Actualmente, nuestra
investigación se centra en desarrollar: la empatía, la comunicación verbal, la
comunicación no verbal y la asertividad. En la comunicación verbal estamos
prestando gran atención a la escucha activa. ¿Sabemos los docentes escuchar?
¿Es ésta la actitud que tenemos con nuestros alumnos?
La comunicación no
verbal es un campo muy amplio y de vital importancia. La kinésica y el
paralenguaje transmiten tanta o más información que las palabras. Los gestos,
la mirada, la posición del cuerpo, etc. nos acercan al mundo del otro. A menudo
la persona no es consciente de la información que transmite a través de su
expresión. Un profesor con una formación en este campo es capaz de salir al
paso de muchos conflictos antes de que éstos se presenten. Los silencios, la
entonación, el contexto, lo que no se dice, forma parte del mensaje.
Y la asertividad,
esa capacidad de hacer prevalecer nuestra opinión sobre la del otro, sin que
éste se sienta mal, es todo un arte. Y nada fácil de conseguir.
Realmente, un
docente con un alto grado de inteligencia emocional difícilmente se siente
frustrado. Tendrá sus momentos bajos, pero sabrá superarlos. Y lo hará.
4. Dificultades
y objetivos alcanzados
La única dificultad
que hemos tenido es la de acoplar nuestros horarios para reunirnos. Aunque
mayoritariamente los profesores del grupo pertenecemos al claustro del IES
Isabel de España, tenemos compañeros del Centro Politécnico y del IES Tomás
Morales.
Entre los objetivos
logrados señalaría el haber desarrollado la empatía. Los profesores del grupo
hemos logrado un buen clima de relaciones en el aula. No tenemos conflictos de
disciplina en nuestras clases. La actitud de los alumnos ha mejorado. Son más participativos;
cada uno, a partir de su diversidad, realiza con ilusión su trabajo. ¿Cabe
pedir más?
Actualmente estamos
desarrollando una serie de actividades, cada uno desde nuestra disciplina,
dirigidas al desarrollo de la personalidad; todas ellas tienen como base la
reflexión y el descubrimiento.
5. Valoración
La
experiencia que estamos desarrollando es muy positiva, hasta tal punto de que
hemos ido extendiendo nuestro marco de acción. En el año 1999, como ya he
citado, iniciamos nuestra investigación con un grupo de trabajo que este año está en su segundo año de vida.
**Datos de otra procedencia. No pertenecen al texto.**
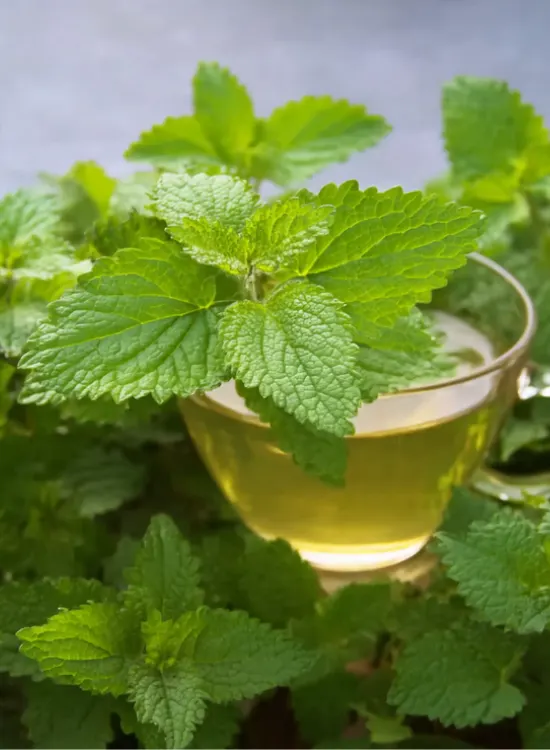 lemon balm tea for weight loss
Los resultados obtenidos a nivel personal y con nuestros alumnos nos animaron a
presentarlo al claustro, donde se aprobó la realización de un proyecto de
centro que es la puesta en práctica de los resultados de nuestra investigación.
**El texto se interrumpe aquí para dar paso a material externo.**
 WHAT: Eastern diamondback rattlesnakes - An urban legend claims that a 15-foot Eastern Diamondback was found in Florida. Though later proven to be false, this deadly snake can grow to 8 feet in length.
Para ello, se han elegido dos grupos de 3º de E.S.O., y se está desarrollando
la escucha activa.
En el
mes de septiembre de 2000, once
profesores nos desplazamos a Málaga para asistir a un curso de Educación
emocional diseñado expresamente para nosotros, partiendo de nuestros propios
intereses. El curso tuvo una duración de cuarenta horas.
En
febrero de 2001, decidimos ampliar nuestra investigación y presentamos un
Proyecto Europeo, Sócrates, en la acción Comenius 1. Trabajeremos las emociones
con cuatro institutos como centros asociados:
Lysée Camille Sée, de Colmar (Francia), Institut Saint Laurent, de Lieja
(Bélgica), el Instituto Joan Ramon Benapres, de Sitges (Barcelona) y el Colegio
La Anunciata de León.
Actualmente
son muchos los docentes sensibilizados en el tema de las emociones. Esto nos
llevó a formar una asociación a nivel europeo: S.I.C.E. (Sociedad de
Investigación Científica de las Emociones) en la que participamos docentes de
todos los niveles educativos: de Educación Primara, Educación Secundaria y
Universidad. Este es sólo el inicio de un largo camino que queremos recorrer.